Akasha Board Co, Le skate Made in France


Julien, un grand passionné de skates et de snowboards nous ouvre les portes de son atelier, où il réalise des boards originales et de manière artisanale. 

Interview 


Est-ce que tu peux te présenter ? 

Je m’appelle Julien, j’ai 30 ans, je suis originaire de la région (ndlr: PACA). J’ai fait mes études à Aix, ensuite je suis partie à Gap dans les Hautes-Alpes pour faire une fac de sport. J’ai eu l’appel de la montagne et j'avais aussi l'envie de faire du snowboard en plus du skate. Là-bas, je pouvais faire les 2. J’ai été accompagnateur, puis entraîneur dans un centre de snow et de ski freestyle. Ça m’a conduit à l'organisation de petites compétitions avec un shop local. J’ai aussi été shepherd pendant une saison, ça s’est relativement bien passé, donc j’ai été nommé responsable du snow parc pendant 4 saisons. 
J’ai aussi pu participer à la construction de skateparks, de bowls et de pistes de ski avec un pote qui a une entreprise familiale dans le secteur, comme j’avais un petit peu l’oeil pour les formes si on peut dire.

Quand j’ai rencontré Tony, mon ancien associé, qui était à la base ébéniste, maquettiste et luthier, il était chaud pour faire des skates donc on s’est lancés tous les deux. On a bossé un petit moment ensemble sur l’élaboration du processus de fabrication et l’esprit qu’on voulait développer. Nos chemins ont dû se séparer et j’ai repris les rennes tout seul. J’ai changé le nom et c’est devenu Akasha, depuis cet été.  


Que veut dire Akasha ? 

C’est un ami qui est tatoueur qui m’a proposé ce nom quand j’étais en recherche intensive pour rebondir sur l’autre marque. C’est un peu au croisement entre la tradition et la religion bouddhiste et hindou. Akasha, c'est considéré comme le cinquième élément en fait. Tu as l’eau, l’air, le feu et la terre. Et Akasha, c’est un peu l’espace qu’il y a autour et qui articule les choses, qui fait le lien entre les éléments mais aussi entre la terre, les esprits, les hommes et les dieux.

Pour faire le rapport avec le skate, j’aimais bien cet esprit, un potentiel de connexion qui peut exister tout le temps. C’est une manière de dire que même si tu as un pied sur du bitume, sur ce coté urbain, l'autre pied reste sur le bois et te ramène à un principe de base. On s’aperçoit qu'on a plus souvent un pied dans la nature qu’un pied sur le goudron, quand tu pratiques en tout cas. C’est pour faire cette liaison entre le coté urbain et le coté nature dans le skate parce que ma démarche est un peu écolo. Je préfère dire qu’elle est logique, ça me semble à peu près normal de faire ça. Travailler avec du bois français, des colles à base d’eau et de la peinture à peu près clean, essayer de limiter le voyage des matériaux... Essayer de faire les choses respectueusement en fait. 
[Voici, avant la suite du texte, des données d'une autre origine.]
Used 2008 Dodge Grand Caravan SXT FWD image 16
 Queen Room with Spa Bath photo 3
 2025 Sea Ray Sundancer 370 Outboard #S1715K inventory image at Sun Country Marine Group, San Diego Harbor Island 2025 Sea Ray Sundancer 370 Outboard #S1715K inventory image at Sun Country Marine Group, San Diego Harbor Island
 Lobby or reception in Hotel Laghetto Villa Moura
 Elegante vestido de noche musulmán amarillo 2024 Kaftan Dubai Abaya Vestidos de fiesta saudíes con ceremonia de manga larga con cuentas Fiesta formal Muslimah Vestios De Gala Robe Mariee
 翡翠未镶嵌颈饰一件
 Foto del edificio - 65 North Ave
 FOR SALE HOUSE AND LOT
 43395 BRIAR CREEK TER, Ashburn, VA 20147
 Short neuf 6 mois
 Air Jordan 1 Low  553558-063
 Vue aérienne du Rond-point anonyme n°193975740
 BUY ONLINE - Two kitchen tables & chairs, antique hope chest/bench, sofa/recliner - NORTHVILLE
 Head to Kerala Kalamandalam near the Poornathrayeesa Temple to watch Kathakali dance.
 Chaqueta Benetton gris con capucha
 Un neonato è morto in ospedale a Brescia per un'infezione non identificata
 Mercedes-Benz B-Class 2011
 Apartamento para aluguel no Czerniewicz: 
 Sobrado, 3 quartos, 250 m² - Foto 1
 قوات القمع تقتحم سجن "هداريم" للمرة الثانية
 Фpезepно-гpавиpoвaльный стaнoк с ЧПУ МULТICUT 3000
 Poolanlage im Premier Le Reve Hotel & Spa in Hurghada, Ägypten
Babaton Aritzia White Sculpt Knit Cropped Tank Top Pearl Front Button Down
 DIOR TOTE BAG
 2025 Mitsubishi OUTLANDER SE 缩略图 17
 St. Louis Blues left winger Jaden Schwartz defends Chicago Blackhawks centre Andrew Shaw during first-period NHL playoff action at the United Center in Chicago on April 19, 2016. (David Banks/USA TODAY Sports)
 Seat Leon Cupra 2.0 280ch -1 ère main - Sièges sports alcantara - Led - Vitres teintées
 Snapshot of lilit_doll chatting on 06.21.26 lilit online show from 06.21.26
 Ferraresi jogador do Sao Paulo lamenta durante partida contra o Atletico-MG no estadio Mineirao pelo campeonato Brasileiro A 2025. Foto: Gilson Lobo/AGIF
Quel est le concept de la marque Akasha ?

Avec mon ancien associé, on avait des shapes ( Ndlr: formes) spécifiques qui nous plaisaient, puis au final on s’est aperçu qu’on avait vraiment des formes de boards par décennie, en quelques sorte. Le concept est de travailler avec toutes ces formes en respectant les matériaux qui étaient utilisés à l’époque. Dans les années 60, les mecs prenaient des planches en bois massifs, c’était pas du contre-plaqué. Ils coupaient ça à la scie sauteuse et faisaient des boards un peu plus propre. Ils ont commencé comme ça !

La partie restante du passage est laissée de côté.